Leitsatz (amtlich)
Bei einstweiligen Verfügungsverfahren in Wettbewerbssachen, in denen die Verwendung einer nicht den Anforderungen der §§ 312c Abs. 1 Satz 1, 355 Abs. 2 Satz 2 BGB entsprechenden Widerrufsbelehrung untersagt werden soll, kann bei der Bemessung des Streitwerts von einem Richtwert von 3.000 EUR ausgegangen werden.
Normenkette
BGB § 312c Abs. 1 S. 1, § 355 Abs. 2 S. 2; ZPO § 3
Verfahrensgang
LG Hildesheim (Beschluss vom 18.09.2007; Aktenzeichen 11 O 35/07) |
Tenor
Auf die Beschwerde des Verfügungsbeklagten wird der Beschluss der 2. Kammer für Handelssachen des LG Hildesheim vom 18.9.2007 abgeändert.
Der Streitwert wird auf 3.000 EUR festgesetzt.
Gründe
Die gem. § 68 Abs. 1 Satz 1 GKG statthafte und auch im Übrigen zulässige Beschwerde hat Erfolg. Das Interesse der Verfügungsklägerin am Erlass der einstweiligen Verfügung erscheint mit einem Streitwert von 3.000 EUR ausreichend bemessen.
Bei der Bestimmung des klägerischen Interesses sind u.a. zu berücksichtigen die Gefahr der Beeinträchtigung des verletzten Mitbewerbers durch die angegriffene Wettbewerbshandlung (vgl. Schneider/Herget, Streitwertkommentar für den Zivilprozess, 12. Aufl., Rz. 2369 f.) sowie Art und Umfang der Streitsache, vgl. § 12 Abs. 4 UWG. Unter Berücksichtigung dieser Umstände erscheint dem Senat vorliegend ein Streitwert von 3.000 EUR als angemessen.

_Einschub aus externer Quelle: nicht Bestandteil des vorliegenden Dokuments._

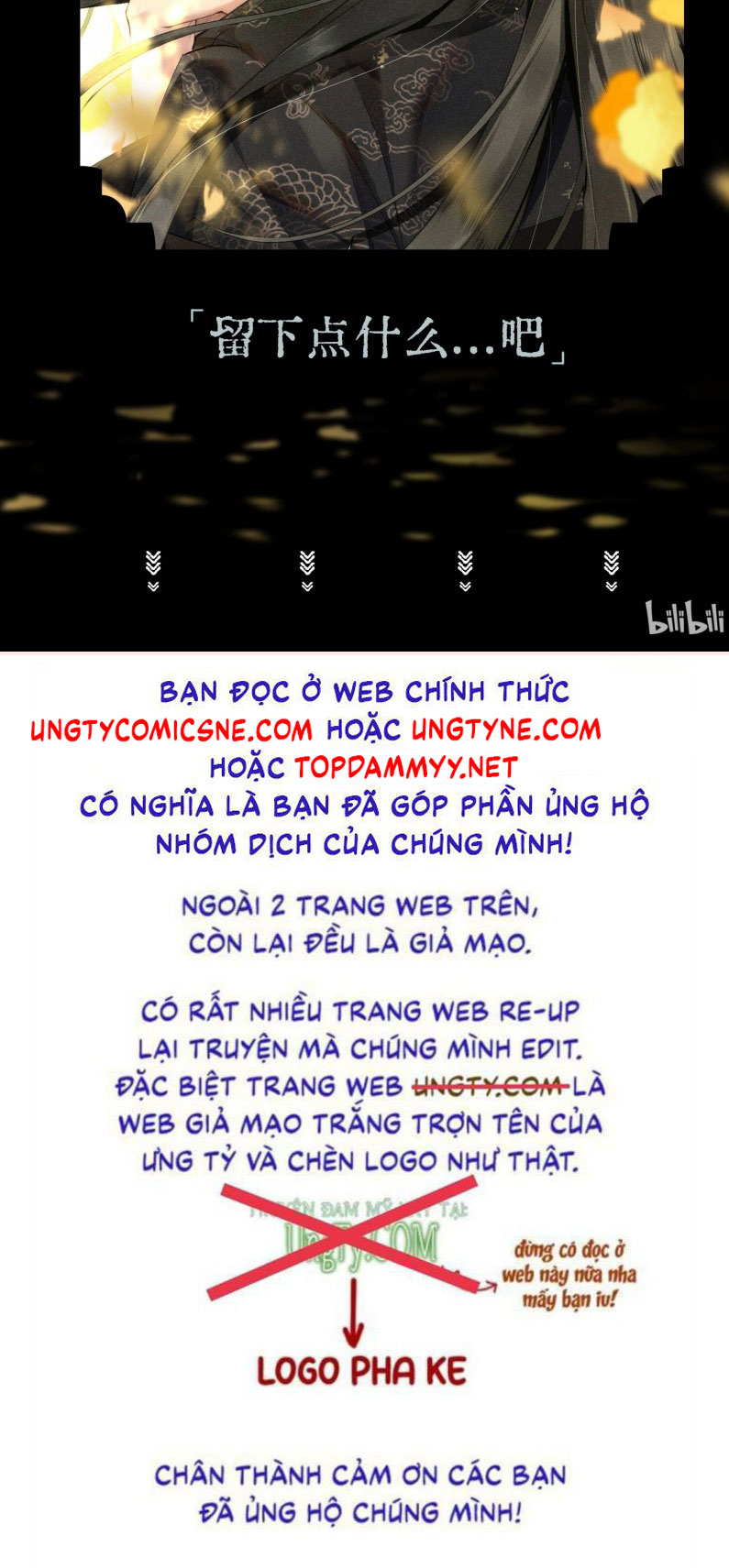 Thập Triều Chap 1 - Trang 3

1. Die Verfügungsklägerin wendet sich dagegen, dass der Verfügungsbeklagte in seinem Internetauftritt eine nicht den Anforderungen der §§ 312c Abs. 1 Satz 1, 355 Abs. 2 Satz 2 BGB entsprechende Widerrufsbelehrung verwende. Ein derartiger Wettbewerbsverstoß wird die geschäftlichen Belange des verletzten Mitbewerbers nach Einschätzung des Senats in aller Regel nur unwesentlich beeinträchtigen. An der Erfüllung der entsprechenden gesetzlichen Verpflichtungen besteht zwar zum Schutze der Verbraucher ein erhebliches Allgemeininteresse, weshalb Widerhandlungen regelmäßig die Bagatellgrenze des § 3 UWG überschreiten. Die Interessenlage des Mitbewerbers, die die Streitwertbemessung für einen Unterlassungsanspruch nach § 8 Abs. 3 Nr. 1 UWG maßgeblich beeinflusst, wird durch einen solchen Wettbewerbsverstoß jedoch nur unwesentlich berührt. Der Umstand, dass eine Widerrufsbelehrung inhaltlich nicht den gesetzlichen Vorschriften entspricht, erscheint dem Senat nämlich lediglich als bedingt geeignet, die Kaufentscheidung des Verbrauchers zugunsten des Verletzers und zum Nachteil seiner sich gesetzestreu verhaltenden Konkurrenten zu beeinflussen. In der Regel wird der Verbraucher seine Kaufentscheidung nicht von der konkreten Ausgestaltung der Widerrufsbelehrung abhängig machen, zumal fraglich sein dürfte, ob der durchschnittliche, rechtlich nicht vorbelastete Verbraucher den gesetzlich vorgeschriebenen Inhalt einer Widerrufsbelehrung überhaupt kennt (vgl. dazu auch OLG Frankfurt, Beschl. v. 17.8.2006 - 6 W 117/06). Auch dass der Verletzer durch Verwendung einer zu kurzen Widerrufsfrist deshalb nennenswerte wirtschaftliche Vorteile erlangen wird, weil einzelne Verbraucher aufgrund dieser Belehrung einen im Falle der Verwendung einer inhaltlich zutreffenden Widerrufsbelehrung getätigten Widerruf nicht vornehmen, erscheint dem Senat als eher fernliegend.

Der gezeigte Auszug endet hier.